CZECH REPUBLIC - The Czech pension account of the state budget was in a deficit of 1.8 billion crowns (56.6 million euros) in mid-June, although the Finance Ministry had predicted a surplus of three billion crowns.

According to data from the Finance Ministry, the government has collected 113.7 billion crowns in pension insurance contributions, while it spent 115.5 billion crowns on the payment of pensions since the start of this year.

The government's budget plans 230 billion crowns contributions and a six billion-crown surplus on the pension account for the full year. If the government reverses the current trend and fulfils its promise, it would be the first surplus after several years of deficits. Pension account deficits ranged from 18.9 billion crowns to 19.6 billion crowns between 1999 and 2003.

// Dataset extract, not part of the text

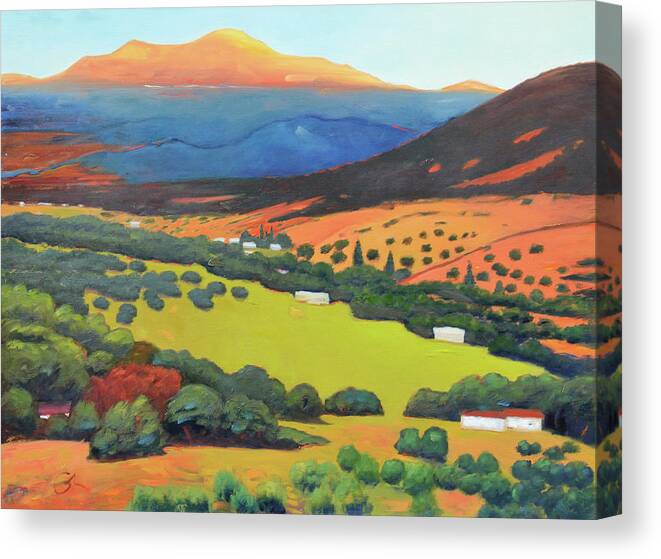 Hills Canvas Print featuring the painting Sliice Of Last Light by Gary Coleman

The pension account is in a deficit, although the system of payments was changed. As of January 2004, social insurance premiums paid by employees and companies have been raised to 28% from the previous 26% of salaries. At the same time, the contribution to the government's employment policy dropped to 1.6 % from 3.6 % of salaries.

The government spent some 229 billion crowns on the payment of pensions last year, an increase of 50 billion crowns over the last five years. The expenditures on pensions are expected to increase further due to negative demographic trends.

Analysts warn that the pension account deficit will skyrocket to 400 billion crowns in 2040 without a change in the pension system.

Analysts say it will be hard to find funds needed for a kick-off of the reform at the time when proceeds from new state bonds issues are used mainly to finance state budget deficits and the majority of state property has been privatized.

At the end of last year, the government proposed reforming the current pension system by introducing a so-called Notional Defined Contribution (NDC) system. Under this model, individual national accounts would allow all employees to see how much they have contributed to their pensions, and how high their pensions will be. "This change is not sufficient. A deeper reform is needed," says David Marek of Patria Finance investment company.

Earlier this month, the Czech Finance Ministry said that pension reform would start only in 2006 because it was hard to achieve an agreement across all political parties. The current government crisis could even prolong this process. "The pension reform should have been launched already ten years ago," says Marek.

"Only mandatory savings in private pension funds would solve the pension system crisis," says Petr Benes of CSOB bank. Other possible solutions include a further increase of social insurance premiums to 34 % of wages, inflow of 1.5 million immigrants at working age, increase of birth rate from the current 90,000 to 150,000 a year, or a dramatic increase of the country's debt.